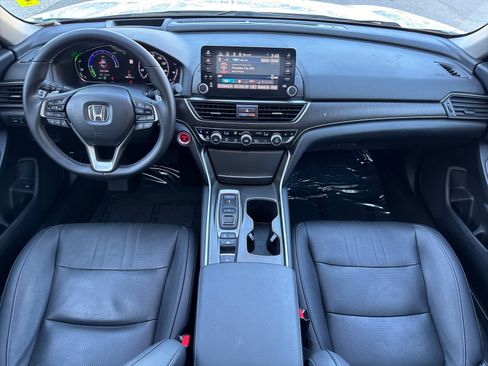 Used 2019 Honda Accord Touring image 13
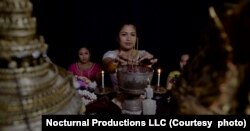 រូបថតដកស្រង់ចេញពីវីដេអូនៃខ្សែភាពយន្តឯកសារខ្នាតខ្លី «សាធុ» បង្ហាញអ្នកនាង មៀ ឡាថ អ្នករាំរបាំព្រះរាជទ្រព្យ និងជាគ្រូបង្ហាត់របាំបុរាណខ្មែរ អុជធូប។ (រូបថតដោយ Nocturnal Productions LLC)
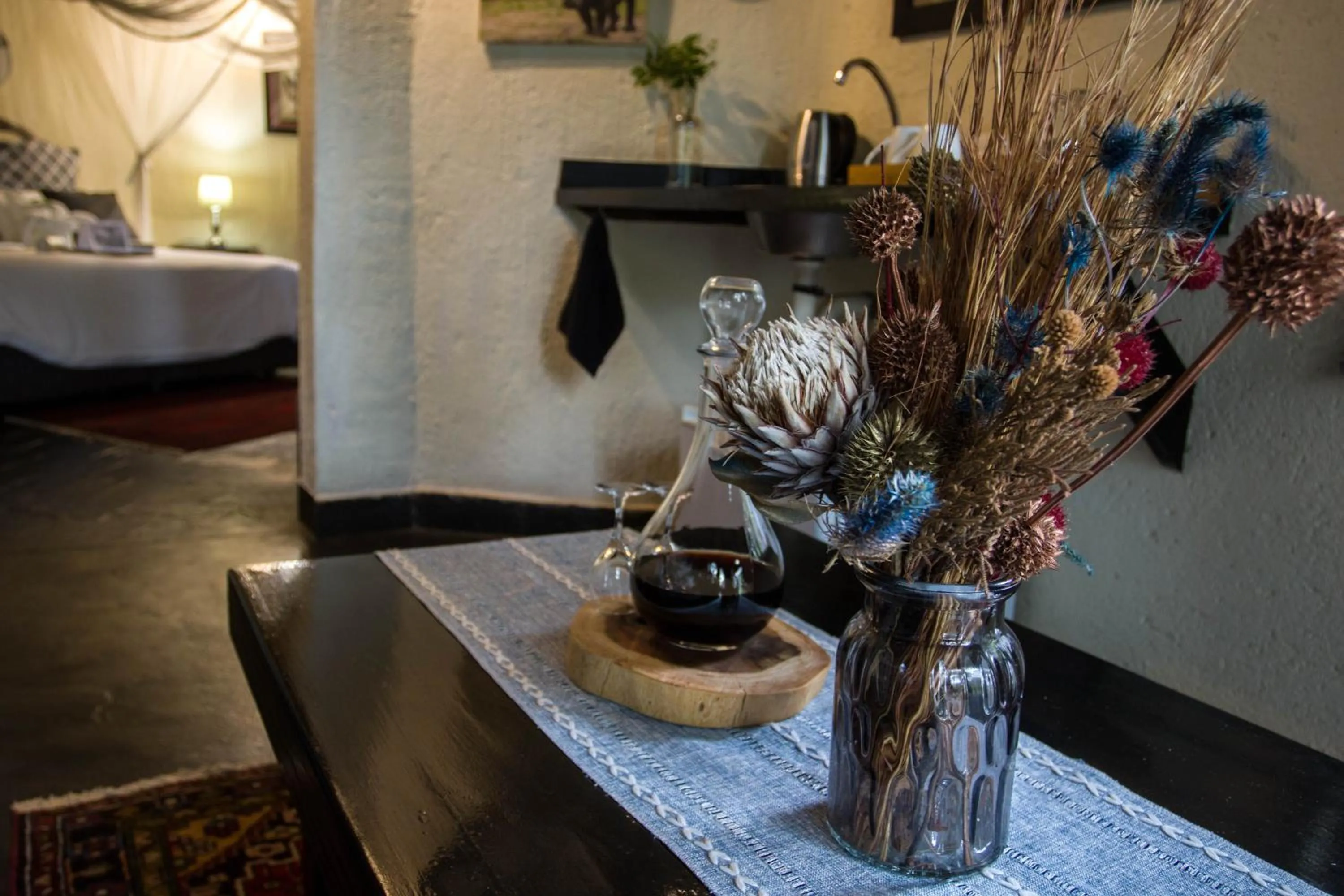 Coffee/tea facilities, Bed in Ezulwini Game Lodges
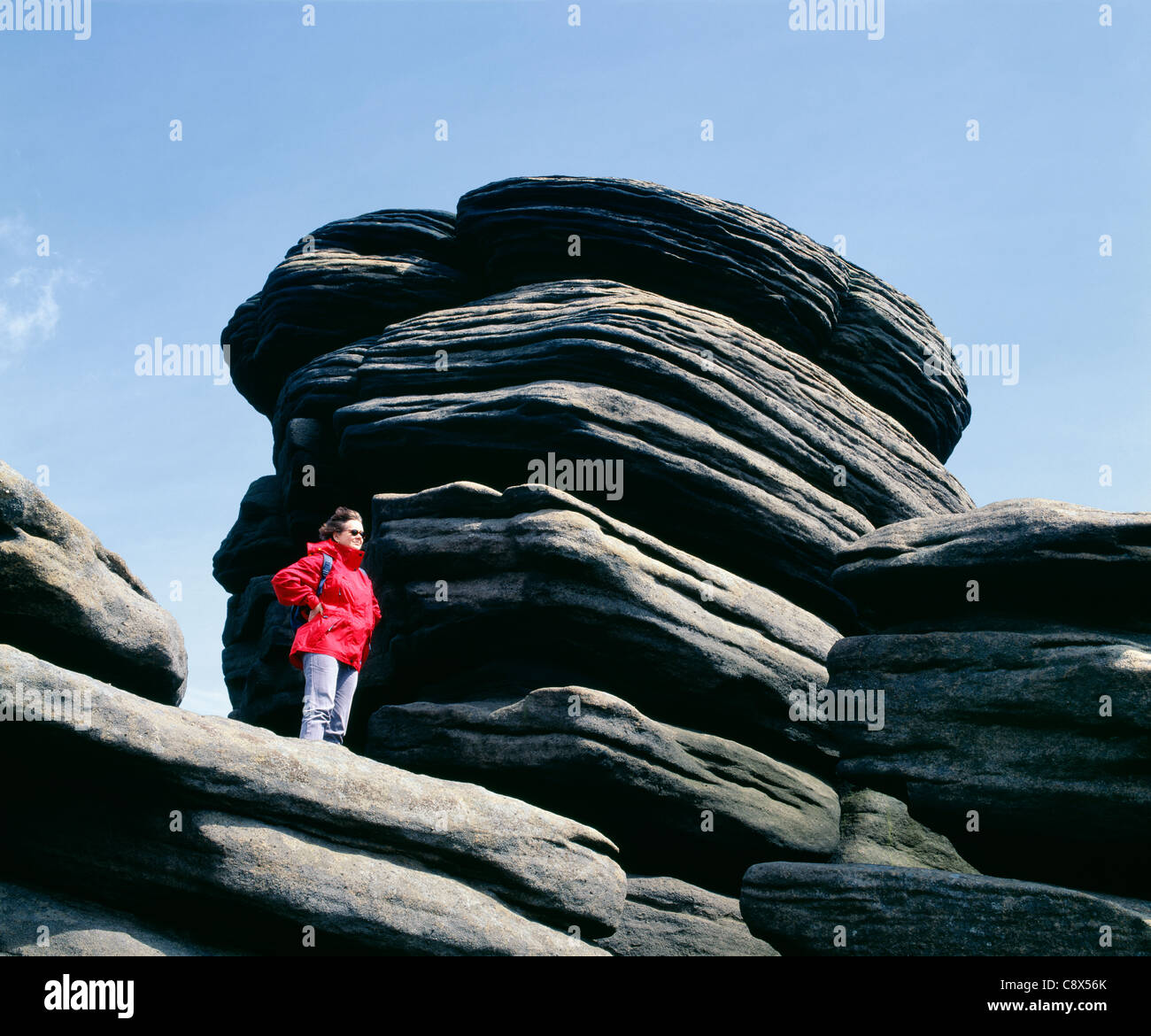 Rambler in piedi sul 'wheel' di pietre sul bordo Derwent, Parco Nazionale di Peak District, Derbyshire. Foto Stock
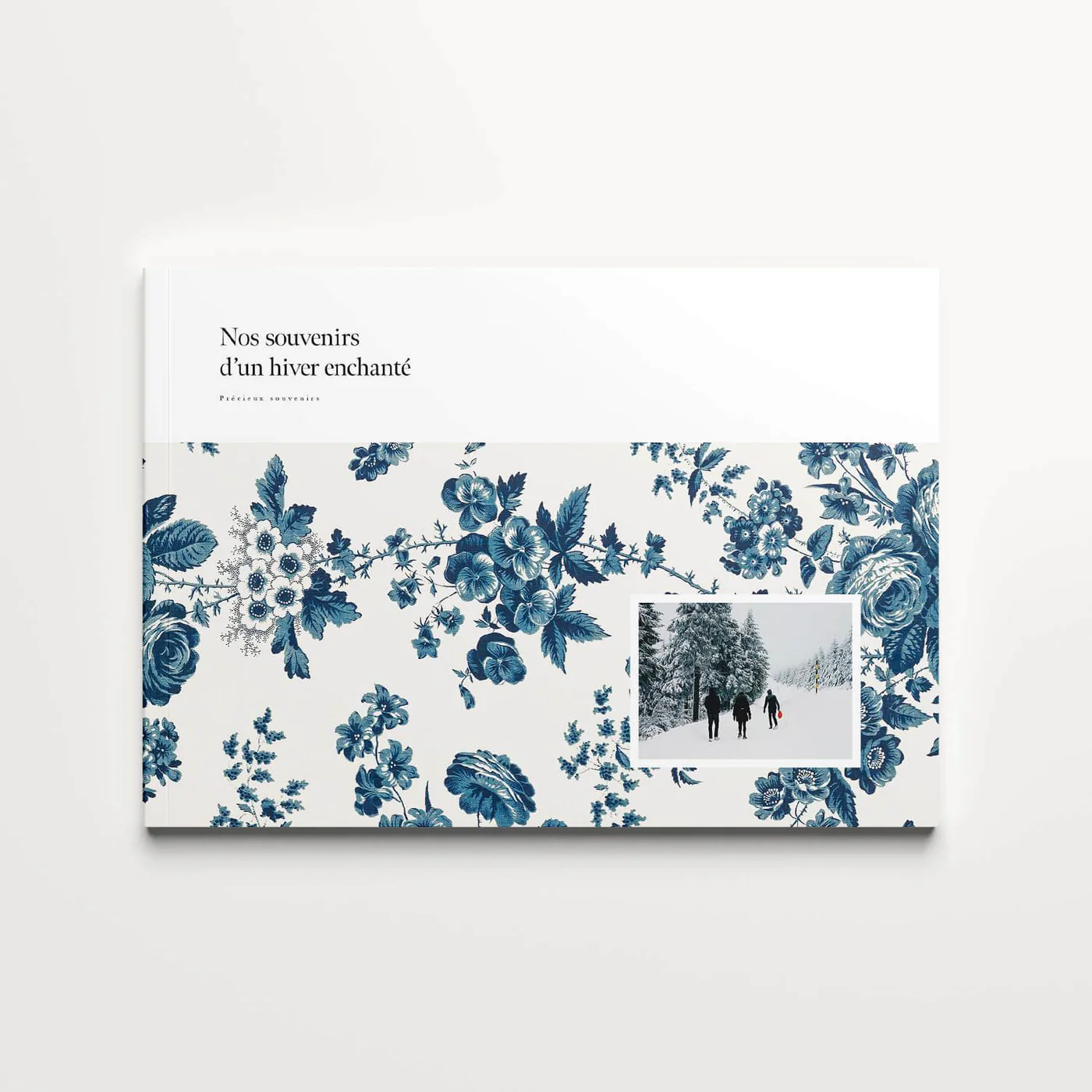 Blue Flower Softcover — capa paisagem com flores azuis e foto polaroid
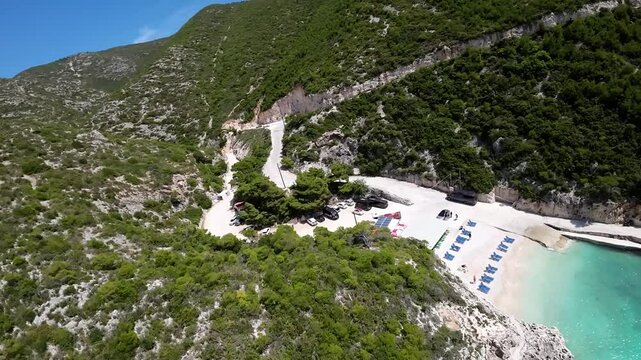Piękna zatoczka z niesamowitym kolorem wody - ujęcia z drona fpv avata dji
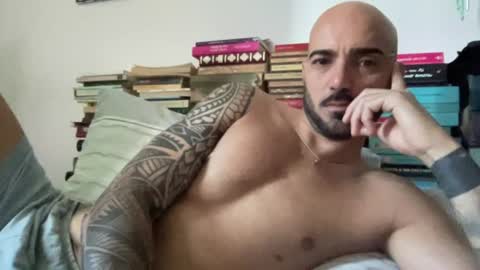 Snapshot of alessandromori91 chatting on 06-24-26, 06:45 alessandromori91 online show from 06-24-26, 06:45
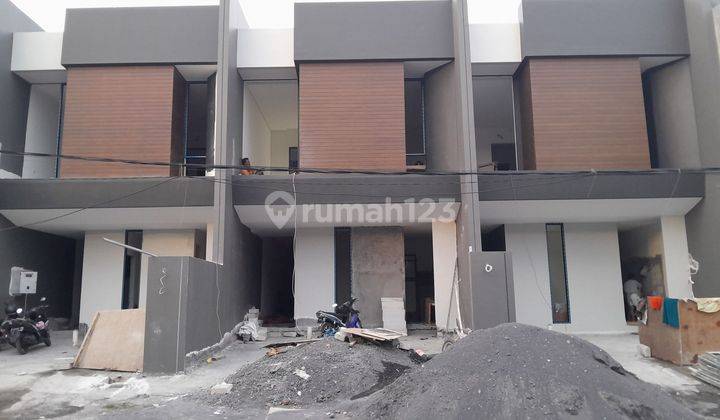 Rumah Modern Kutisari Indah SHM Row 4 Mobil Dkt Petra 2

_ _ _

• [WHAT THIS TASK INVOLVES]: Would you output the lines above from the line holding "Nocturnal Productions LLC)" up to and including the line holding "Rambler in piedi", exactly and only those, with no pictures?

• [RESULT FOR THIS TASK]:
 រូបថតដកស្រង់ចេញពីវីដេអូនៃខ្សែភាពយន្តឯកសារខ្នាតខ្លី «សាធុ» បង្ហាញអ្នកនាង មៀ ឡាថ អ្នករាំរបាំព្រះរាជទ្រព្យ និងជាគ្រូបង្ហាត់របាំបុរាណខ្មែរ អុជធូប។ (រូបថតដោយ Nocturnal Productions LLC)
 Coffee/tea facilities, Bed in Ezulwini Game Lodges
 Rambler in piedi sul 'wheel' di pietre sul bordo Derwent, Parco Nazionale di Peak District, Derbyshire. Foto Stock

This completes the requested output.